The characteristic chickenpox vesicle, surrounded by an erythematous halo, is described as a dewdrop on a rose petal (see the images below).[8]

Dewdrop on rose petal characteristic vesicle of chDewdrop on rose petal characteristic vesicle of chickenpox. Reprinted with permission from Cutis 65: 355, 2000. Vesicular eruption on the trunk demonstrating papuVesicular eruption on the trunk demonstrating papules, vesicles, and crusts. Reprinted with permission from Cutis 65: 355, 2000.
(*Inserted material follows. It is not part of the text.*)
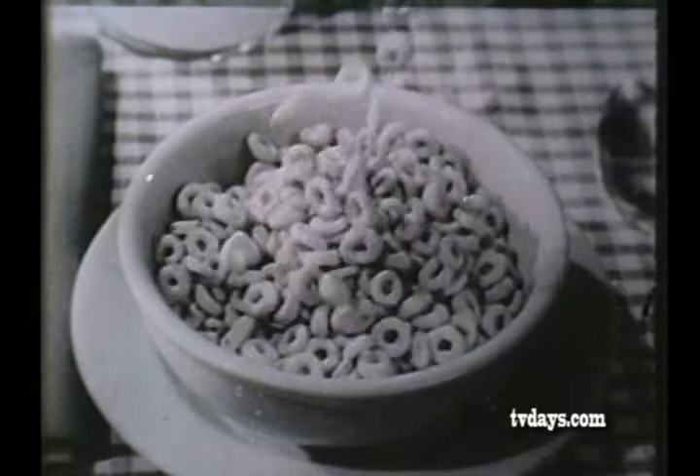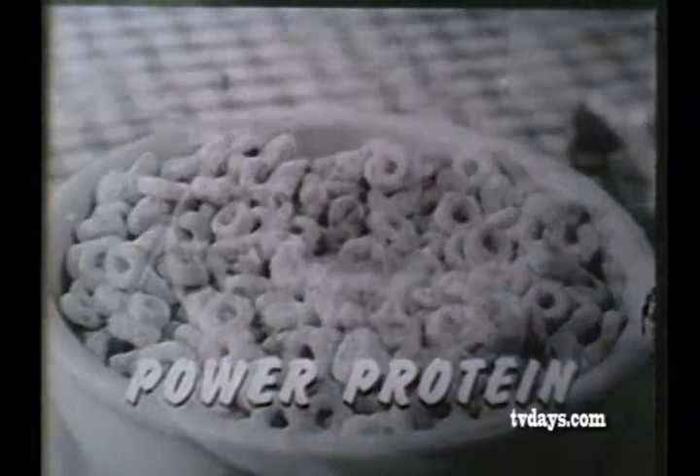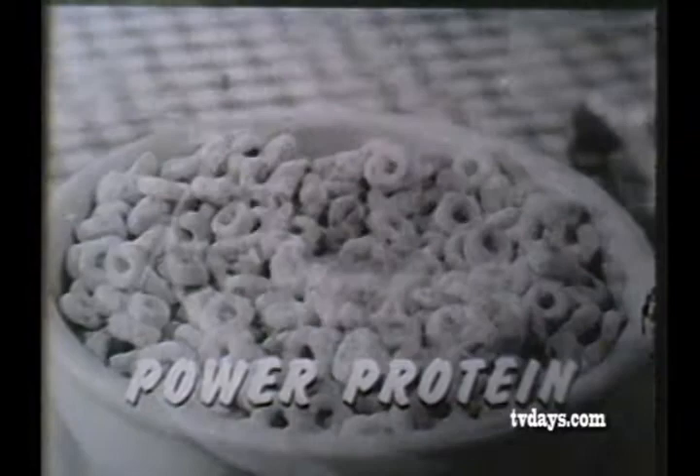Toasted golden crisp, delicious through and through. A real power breakfast with power protein to help you grow strong, and energy vitamin B1 for goal power.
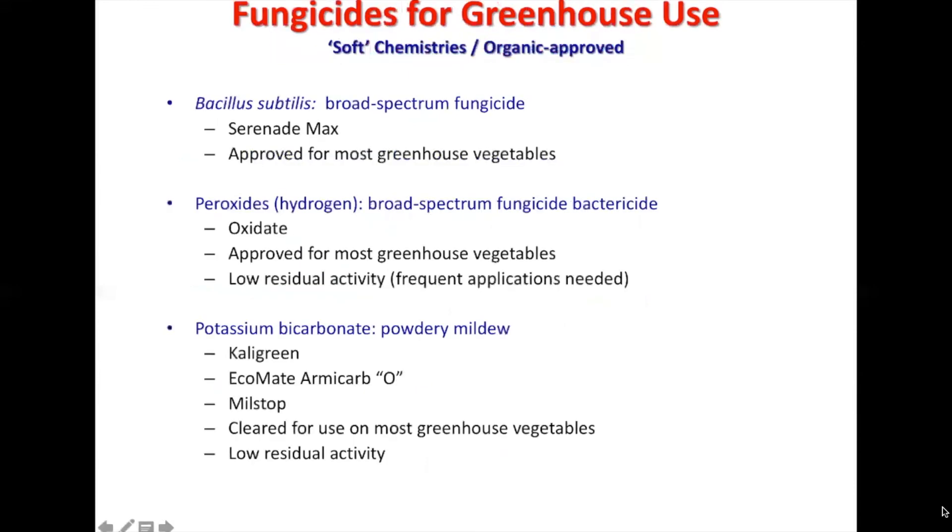Here are a couple of fungicides used for greenhouses with softer chemistries that are organically approved. Bacillus subtilis is a broad spectrum fungicide — Serenade Max is the name you'll most likely hear for this — and it's approved in most greenhouse vegetables. Hydrogen peroxide is also a broad spectrum fungicide for bacteria, approved in most greenhouses, with low residue activity, though frequent applications are needed.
Chickenpox is clinically characterized by the presence of active and healing lesions in all stages of development within affected locations. Lesions characteristically heal without scarring, although excoriation or secondary bacterial superinfection predisposes to scar formation.

Adults with chickenpox have a more complicated course than that occurring in children. Adults may experience a more widespread rash; prolonged fever; and an increased likelihood of complications, the most common being varicella pneumonia.

Clinical variants of chickenpox infection also occur. Hemorrhagic lesions are rare and are most commonly associated with patients who are immunocompromised or immunosuppressed.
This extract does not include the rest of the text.